A year ago, we wrote on Reece stating it was overvalued at 40x P/E. In light of a crash post its 1H25 results, it is now 30x P/E. Is now the time to buy in?
Who is Reece?
Reece supplies plumbing, as well as bathroom, waterworks and HVAC-R (Heating, Ventilation, Air Conditioning and Refrigeration) products in Australia, as well as New Zealand and the United States. It serves professional trade, wholesale and retail markets. The company is named after its founder H.J. Reece who started the company in Caulfield, Victoria in 1920. More than a century on, his company employs over 9,000 people across the world. It services plumbing, bathroom, building, civil, pools and irrigation, heating, ventilation, air conditioning, fire protection and refrigeration industries. Since 1969, it has been majority-owned and run by the Wilson family.
Source: Company
The US is leading its growth
It has been the number 1 player in Australia for some time, yet only entered New Zealand in 2006 and the USA in 2018. It entered America through purchasing 171-showroom residential plumbing company MORSCO for $1.9bn, only to retire that brand less than 4 years later and launch Reece USA.

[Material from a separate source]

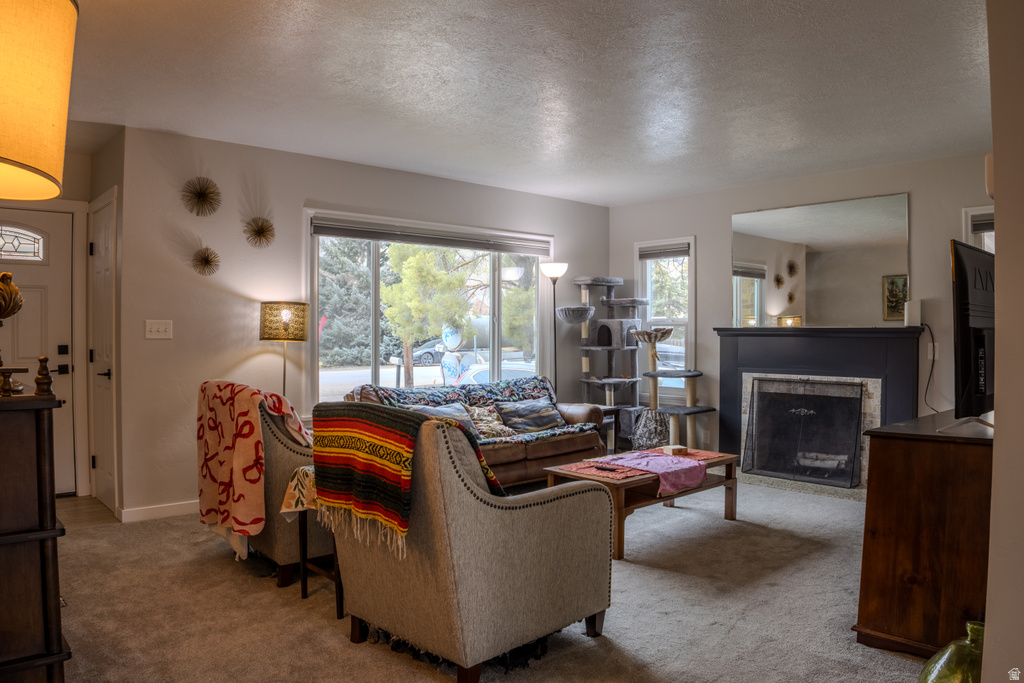 1246 E CANYON RD Logan, UT 84321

In FY18, the last year before it entered the USA, Reece recorded $2.7bn in revenue and a $225m profit. By FY24, it had recorded $9.1bn in revenue and a $419m profit. More than half of its revenue came from the US and sales growth was twice as fast (21%). It paid a 25.75c per share dividend.
Reece shares rose, then crashed back to earth
Reece shares more than doubled between June 2022 and September 2024, but are down 40% since then. The company foreshadowed that the years ahead would be difficult. It warned in its FY24 release that,’ We expect the near term to remain challenging in both regions’.
The company’s revenue retreated 3%, its EBITDA by 10%, its EBIT by 17% and its profit by 19%. Accordingly, the company cut its interim dividend by 19%.
Reece admitted trading conditions were challenging and capex was high. What would also have worried investors is that Chairman Alan Wilson was standing down from the board after serving since 1969 and becoming ‘Chairman Emeritus’.
Will things get better?
Analysts covering Reece have a target price of A$18.91, a 7% premium to its $17.71 price right now. Analysts expect a retreat back to $8.9bn in revenue and a $355m profit. A slight recovery in FY26 is anticipated, to $9.3bn revenue and a $400.5m profit, followed by $9.8bn revenue and a $452.2m profit in FY27. FY28 is expected to be a strong year with $11bn revenue and a $542m profit.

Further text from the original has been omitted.